Overview
The purpose of this study is to assess the safety, pharmacokinetic profile of APG-2575 single agent and in combination with HHT/AZA in patients with relapsed/refractory AML and related myeloid malignancies.
Description
This is an open-label, multi-center Phase Ib study of safety, PK of APG-2575 as single agent or in combination with HHT or AZA in relapsed/refractory AML and related myeloid malignancies patients.

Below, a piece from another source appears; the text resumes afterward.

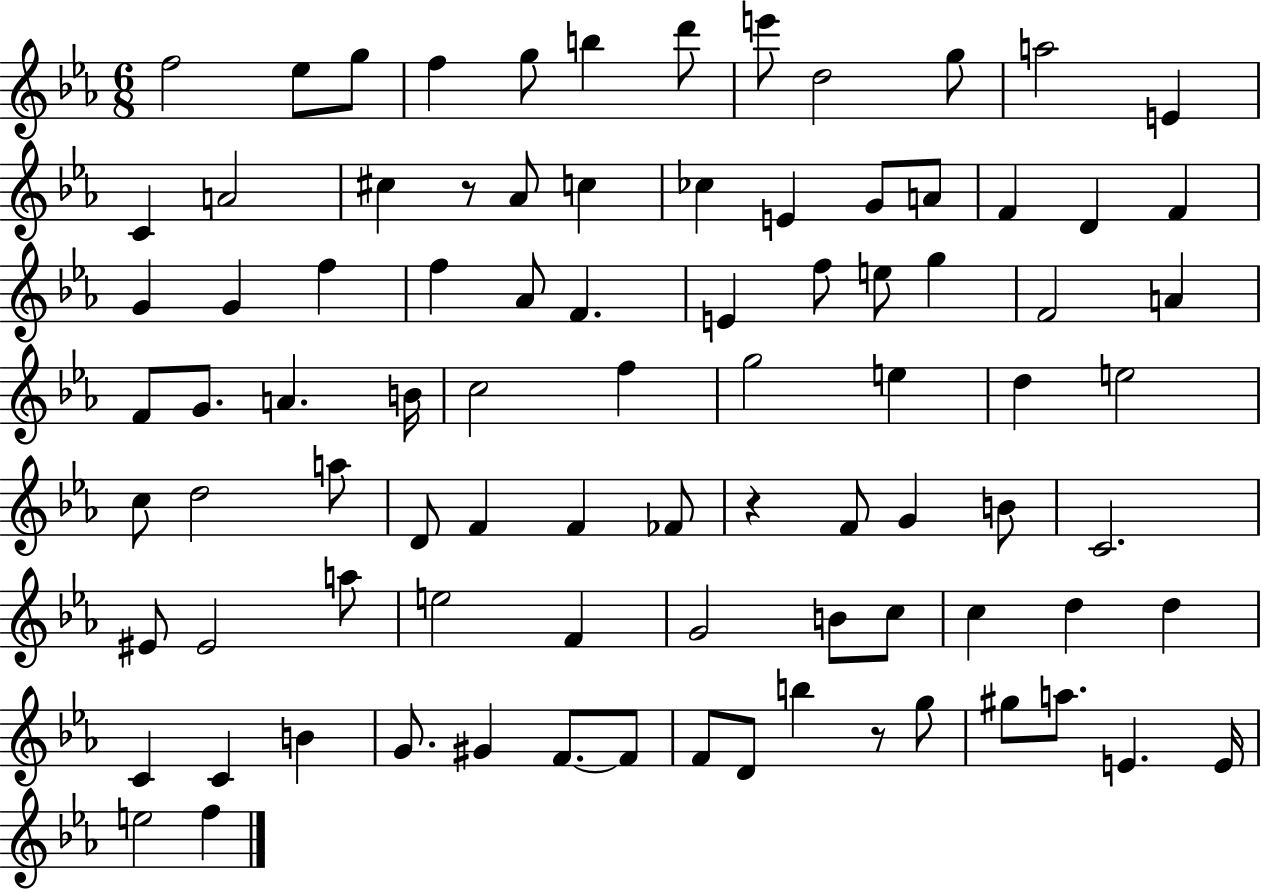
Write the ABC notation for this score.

This study consists of three stages: The first stage is the APG-2575 single agent dose-escalation study. The second stage is the APG-2575 combined with HHT/AZA dose-escalation study. The third stage is the MTD/RP2D expansion cohort study of the combination regimen.
Eligibility
Inclusion Criteria:
Subjects who meet each of the following inclusion criteria are eligible to participate in
this study:
1. In accordance with the World Health Organization (WHO) 2016 diagnostic criteria for
relapsed or refractory acute myeloid leukemia (AML), Mixed phenotype acute
leukemia(MPAL), Chronic myelomonocytic leukemia (CMML), Higher-risk myelodysplastic
syndrome (HR-MDS) , Blastic plasmacytoid dendritic cell neoplasm (BPDCN) and naïve AML
ineligible for treatment with a standard chemotherapy due to age or comorbidities.

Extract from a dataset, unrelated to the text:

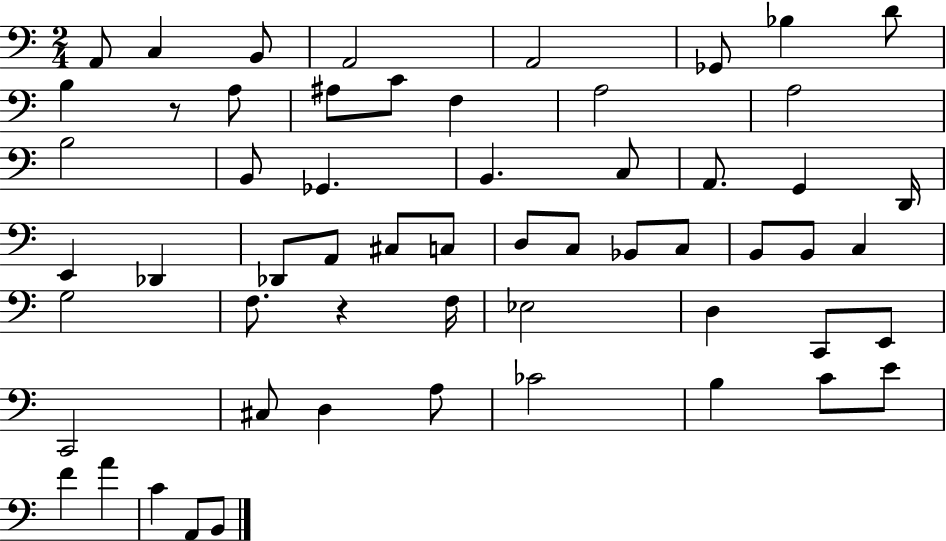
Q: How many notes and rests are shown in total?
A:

2. Eastern Cooperative Oncology Group (ECOG) Performance Status (PS): 0 -2 (0 to 3 for
participants >= 60 to 74 years of age who are evaluated as ineligible for treatment
with standard chemotherapy).
3. Subjects can accept oral administration of APG-2575.

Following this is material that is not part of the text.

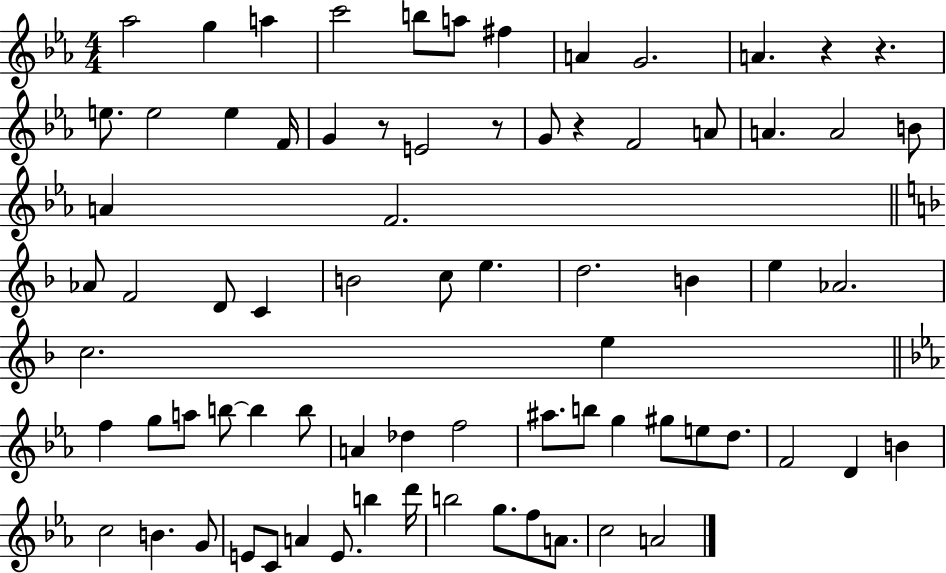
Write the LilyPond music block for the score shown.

4. Life expectancy ≥ 3 months.
5. Adequate renal and liver function.
6. Males, female patients of childbearing potential (postmenopausal women who must have
been menopausal for at least 12 months to be considered infertile) and their partners
voluntarily take contraception which the investigator considers effective during
treatment and at least three months after the last dose of study drug.
7. Ability to understand and willingness to sign a written informed consent form (the
consent form must be signed by the patient prior to any study-specific procedures).
8. Willingness and ability to comply with study procedures and follow-up examination.
Exclusion Criteria:
Patients who meet any of the following exclusion criteria are not to be enrolled in this
study:
1. Patients diagnosed with acute promyelocytic leukemia or t(9;22)(q34.1;q11.2); BCR-ABL1
positive AML patients.
2. The persistent toxicities caused by previous chemotherapy or radiotherapy has not been
restored to lower than grade 2 by CTCAE 5.0 (except for alopecia).
3. Known leukemia infiltration of the central nervous system.
4. Symptomatic active fungal, bacterial and/or viral infections.
5. Prior history of allogeneic hematopoietic stem cell transplantation or adoptive cell
immunotherapy, autologous hematopoietic stem cell transplantation within 12 months.
6. Within 14 days before the first dose of study drug, received chemotherapy (hydroxyurea
is permitted more than 24 hours before the first dose of study drug), radiotherapy,
surgery, immunotherapy, targeted therapy, biological therapy or any investigational
treatment.
7. Within 7 days before the first dose of study drug, received a strong and/or moderate
CYP3A inducer and/or Inhibitor.
8. At the discretion of the investigator, gastrointestinal diseases that affect the
absorption of APG-2575.
9. Any other condition or circumstance, at the discretion of the investigator, that
patients would be unsuitable for participation in the study.